The ideal combination of pit contents in the Fossa alterna is faeces, urine, fertile soil, wood ash and leaves. It was this combination which was first used in the prototype built and tested in Woodhall Road, Marlborough, Harare in 1999 (see Ecological Sanitation in Zimbabwe. Vol. 1). The excreta occupied about half the volume of the pit (the remaining half being soil and leaves) which had a total occupied capacity of about 212 litres (the pit was quite shallow). A pleasant humus like material was formed within 4 months and excavated by the writer and used in various ways in the garden. Since that time large numbers of Fossa alterna pit have been excavated and their contents recycled.
Factors which will assist the conversion of excreta into humus within shallow pits.

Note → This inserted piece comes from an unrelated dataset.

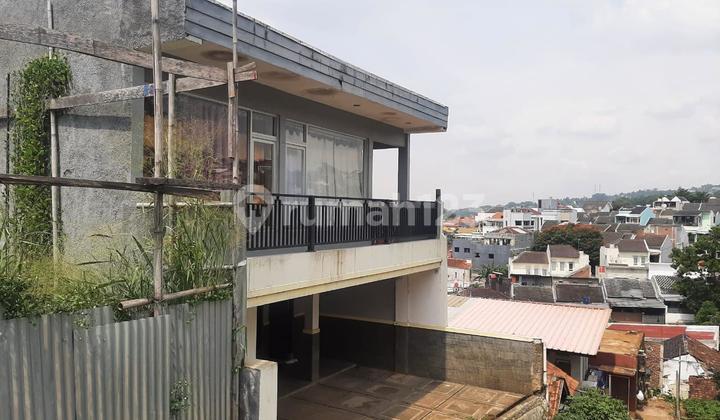 For Sale: Asri House in Cicaheum Padasuka, Cool Location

In the standard pit latrine, excreta is added together with all manner of other articles as the pit usually serves as a dumping ground for all sorts of garbage. Most of these “dumped” articles are inorganic waste such as plastic, rags, bottles etc - they are of no value to the composting process. Also whilst wood ash may be added to counteract odour and fly nuisance in a small percentage of cases, soil is rarely if ever added to pit latrines. In the standard pit latrine, a solid mass of excreta builds up which digests very slowly and inefficiently in the deeper pits. These pit latrines are not eco-latrines. The contents will take years to convert into humus, particularly if the pits are lined with bricks or cement rings where contact with the soil is limited and drainage of the liquid fraction is confined to the base, which may become plugged.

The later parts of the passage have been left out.